Referring to the Capacity Mechanism auction scheduled for December that is designed to contract back-up generation to cover the intermittent nature of renewable generation, Laidlaw said:
“The expectation was that this would incentivise the building of new gas-fired power stations. But look through the pre-qualification lists published a few weeks ago and it is clear that old, dirty coal stations will be paid extra to stay online for longer.

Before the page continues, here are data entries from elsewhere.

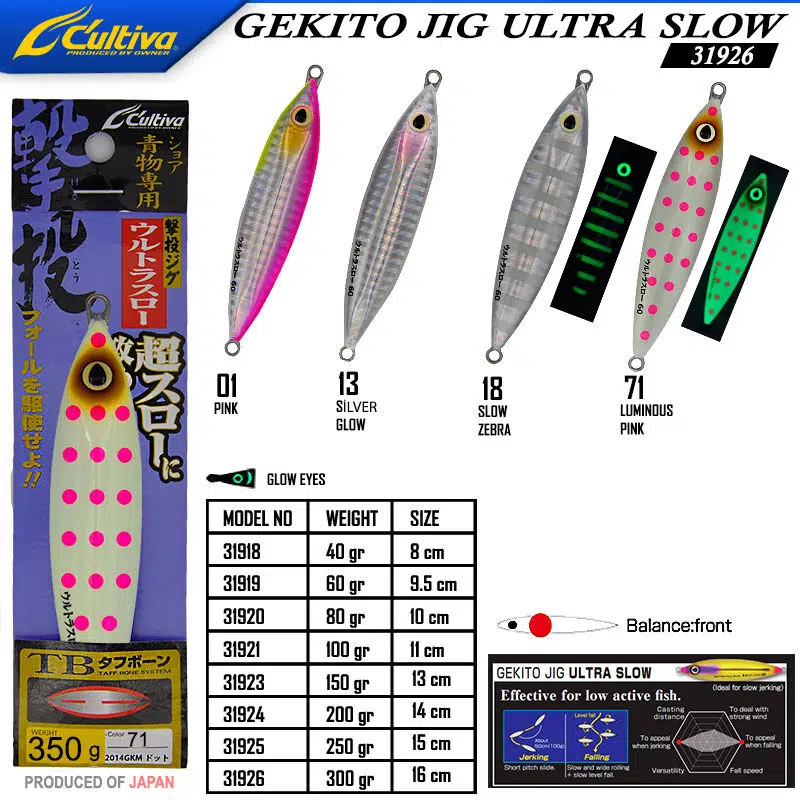 Cultiva 31926 Gekito Jig Ultra Slow 350g 16cm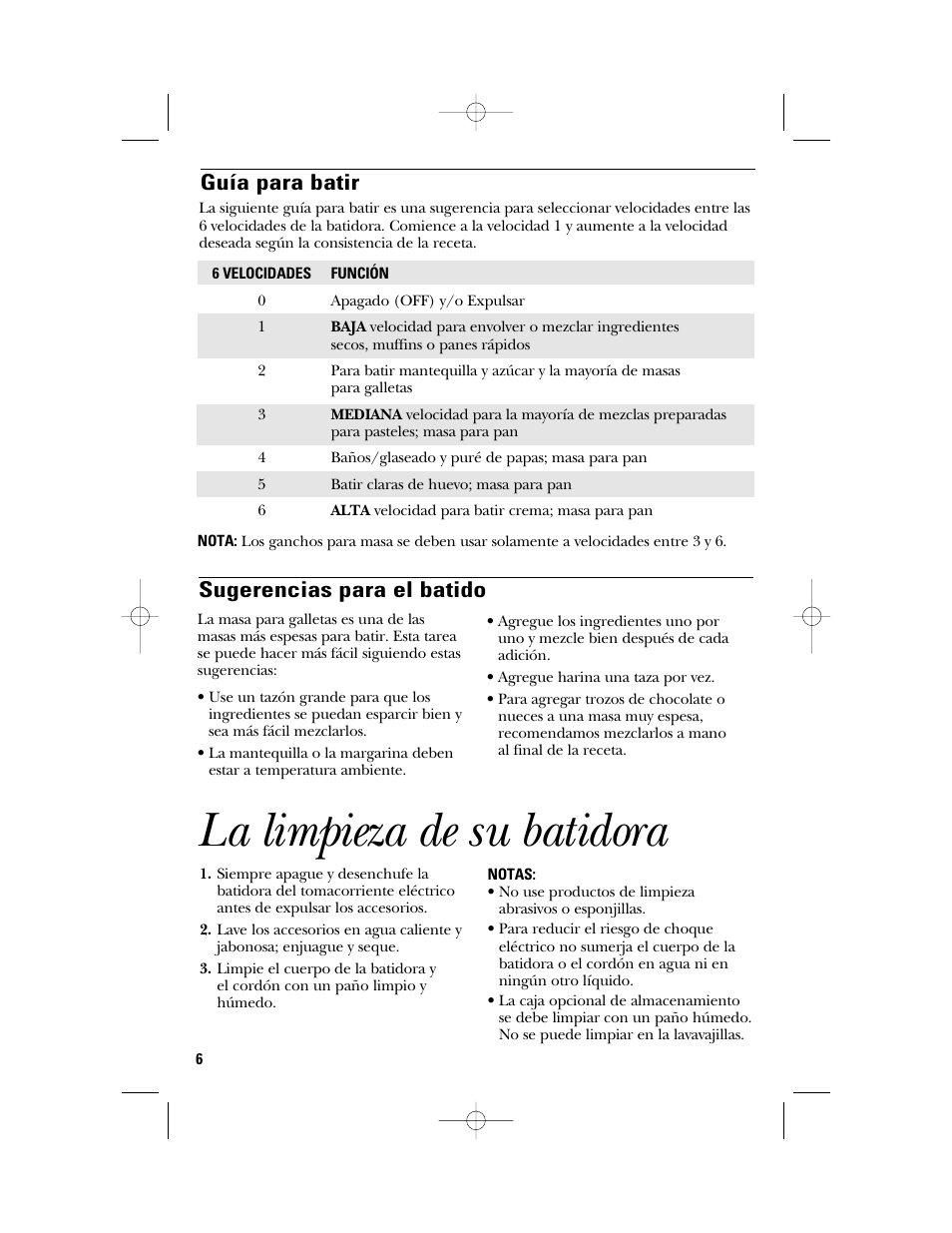 La limpieza de su batidora, Guía para batir sugerencias para el batido | GE 106831 User Manual | Page 16 / 20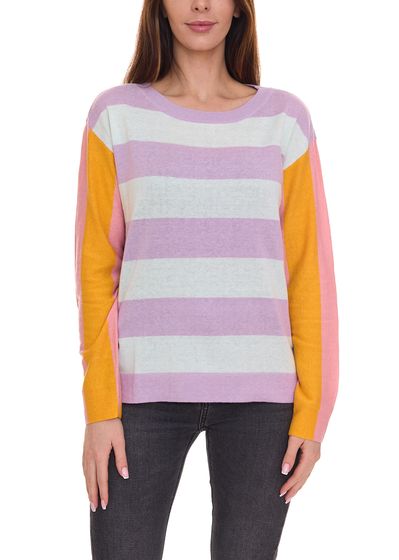Aniston CASUAL Pullover stylischer Damen Strick-Pullover im Colourblock-Look 51008313 Violett/Bunt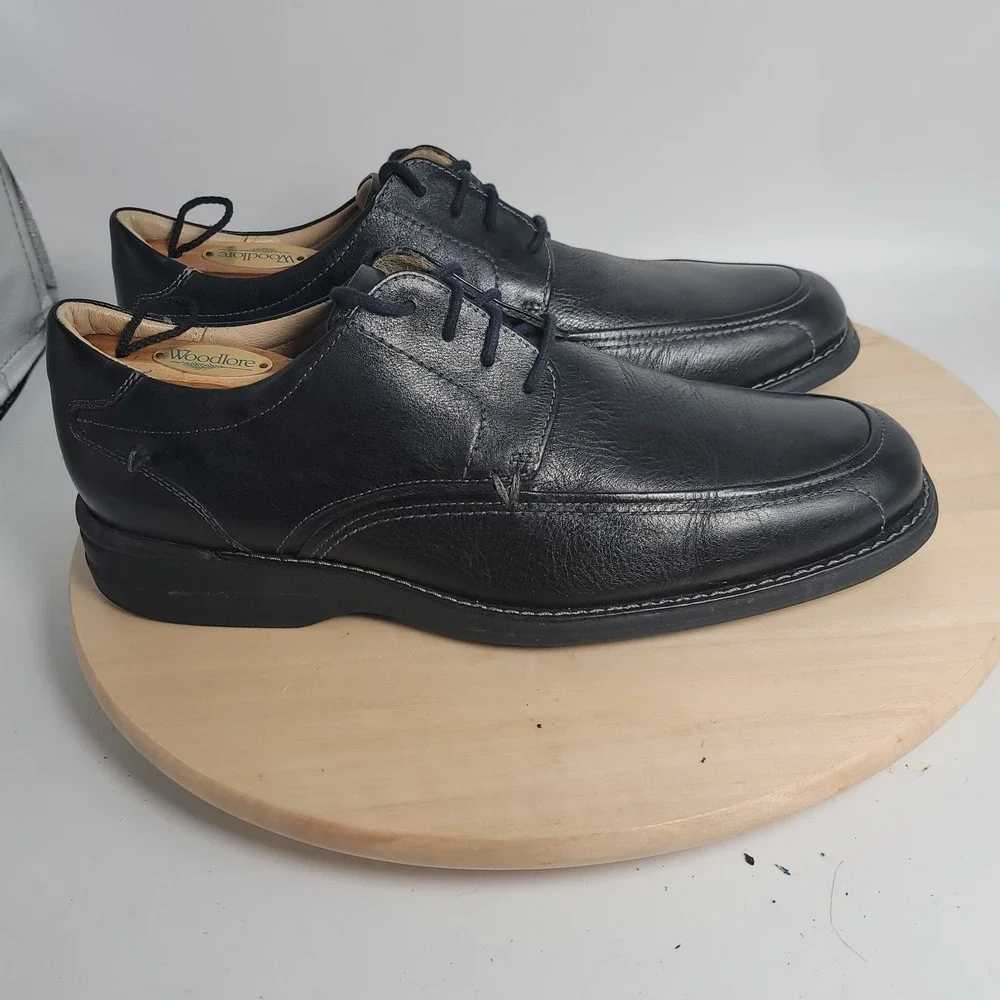 Men's 11 M JOHNSTON & MURPHY Black Leather Moc Toe Derby Comfort Dress Shoe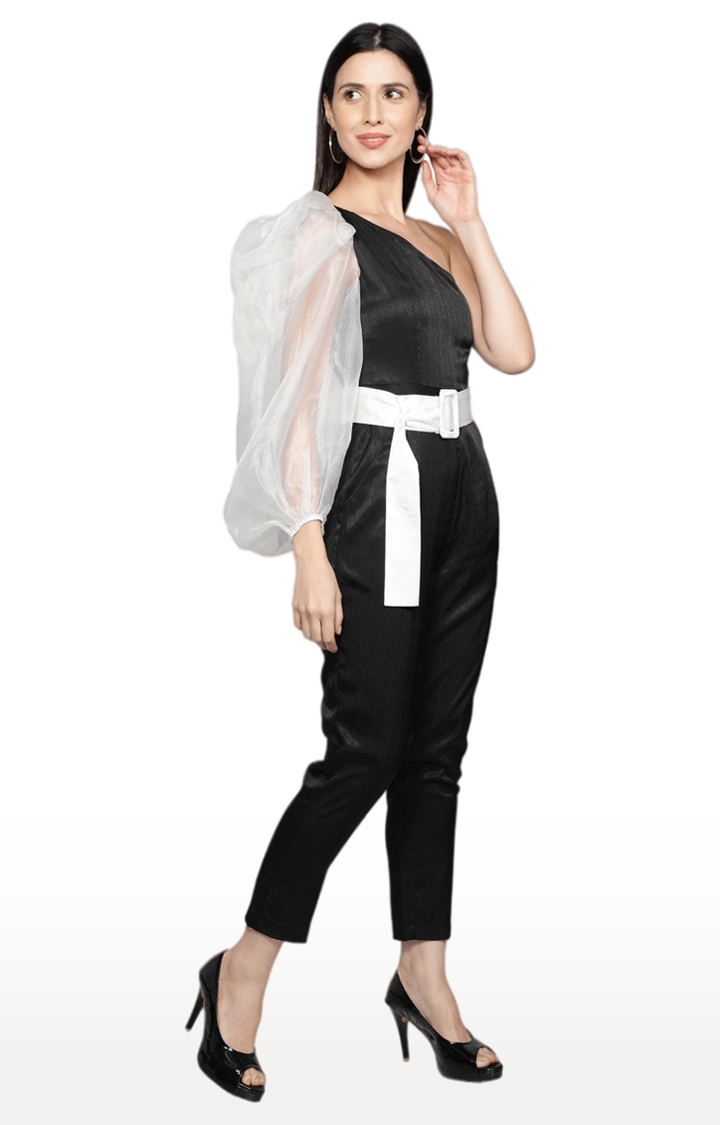 Women Black Balloon Sleeve Poly Textured Jumpsuit with White waist belt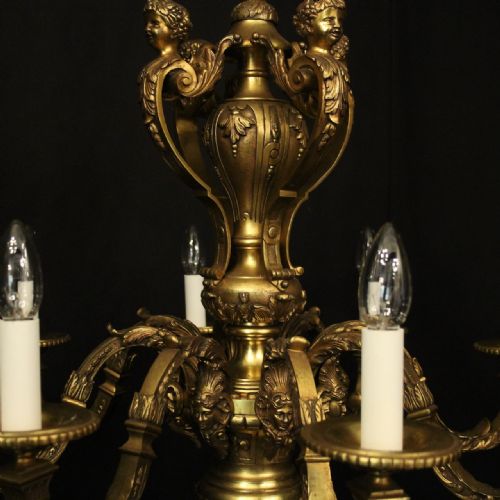 FRENCH GILDED BRONZE 8 LIGHT ANTIQUE CHANDELIER - ADDITIONAL PHOTO 4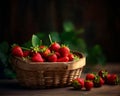 Strawberries in a basket on a wooden table A basket overflowing with juicy, ripe strawberries Royalty Free Stock Photo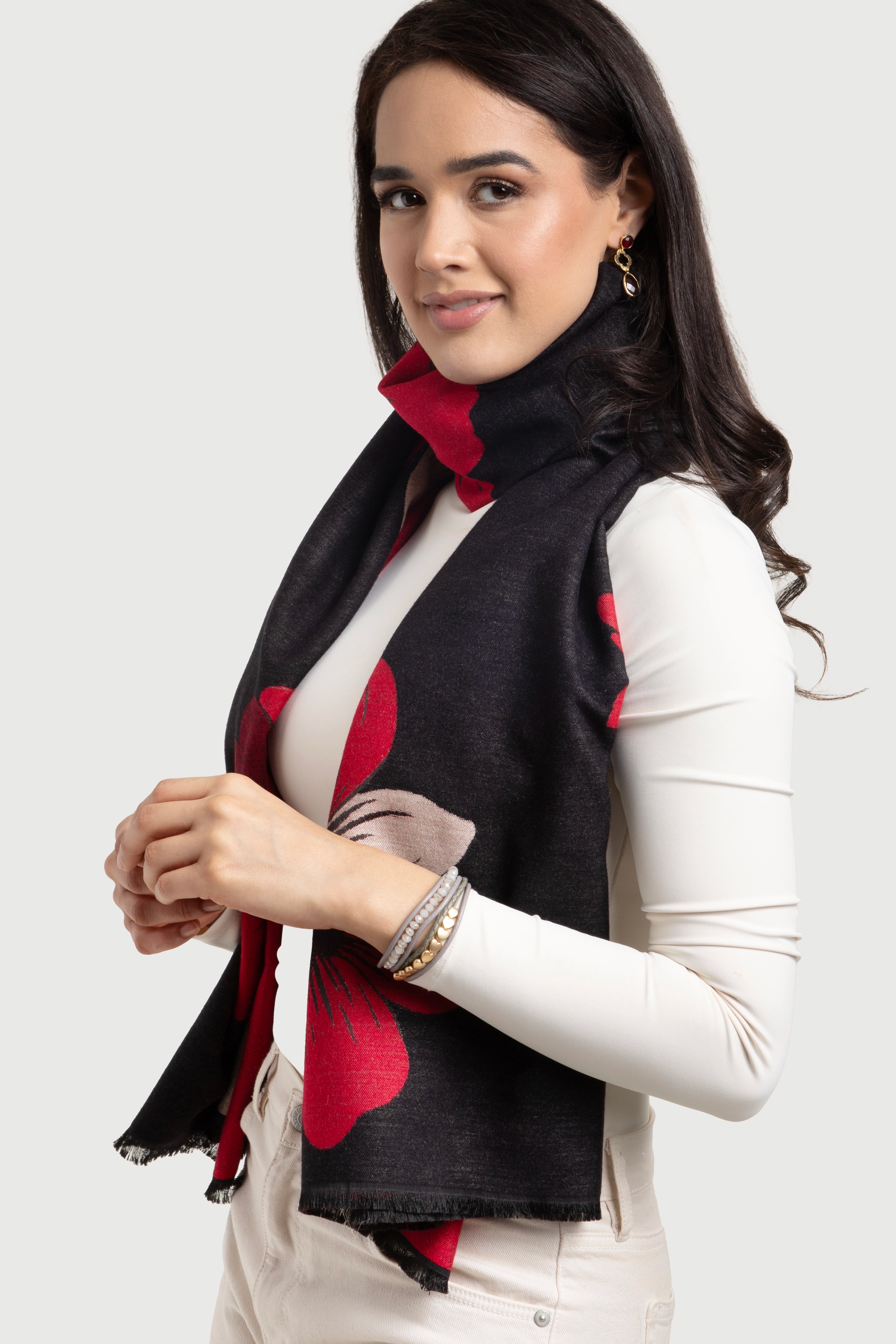 Fresh Floral Reversible Scarf - Lightweight Fashion Accessory for Women - Perfect for Spring Outfits, Office Wear & Special Occasions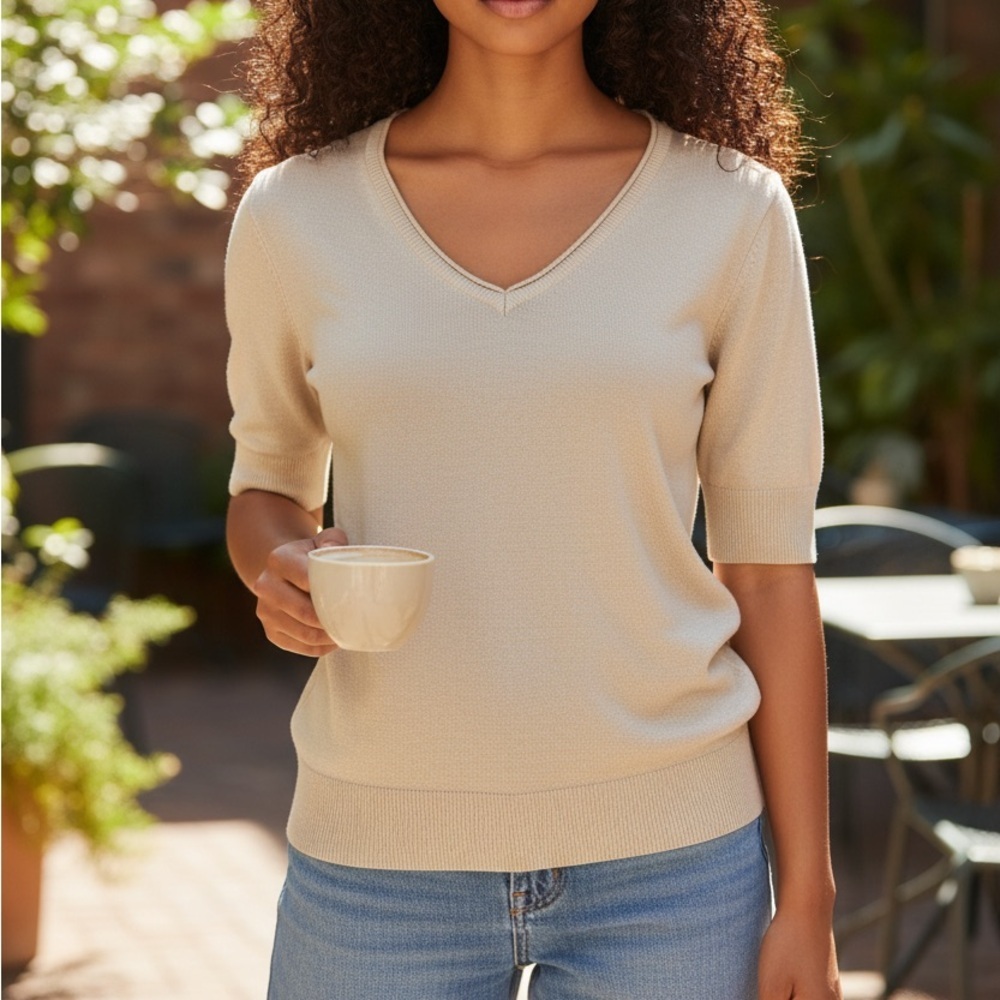 Melissa Paige Pumice Stone Beige V-Neck Elbow Length Pullover Light Sweater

“The cost of this will be levied on customers’ bills, alongside the cost of the carbon price floor, which is designed to encourage switching away from coal. There’s an inherent paradox here.”
DECC countered:
“There is no paradox. The carbon price floor and the capacity market [subsidy scheme] work together to ensure we move to low-carbon generation in a way that keeps the lights on at peak demand at lowest cost to the consumer.
“The carbon price floor [CPF] is designed to provide greater support and certainty to the price of carbon in the UK’s electricity generation market. Effective carbon pricing, including the CPF, remains an important part of the government’s energy policy. Establishing a minimum carbon price sends a credible signal to help drive billions of pounds of investment in low-carbon technology.”
Peter Atherton, energy analyst at investment bank Liberum Capital, echoed Laidlaw’s thoughts saying:
“We have one set of market interventions trying to kill coal, but then we worry about the lights going out so we have another intervention trying to keep coal going. [It’s] difficult to make this stuff up.”
Lawrence Carter, energy campaigner at Greenpeace, said:
“The most influential energy boss in the country is now confirming what Greenpeace and others have been warning all along. A big chunk of these new energy hand-outs will be pocketed by coal plant operators and used to extend the lifespan of some of Europe’s most polluting power stations.
“Even some of the biggest players in the energy industry think this new policy doesn’t make sense. Ed Davey needs to listen to these concerns and make sure dirty coal plants don’t get a penny of public money.”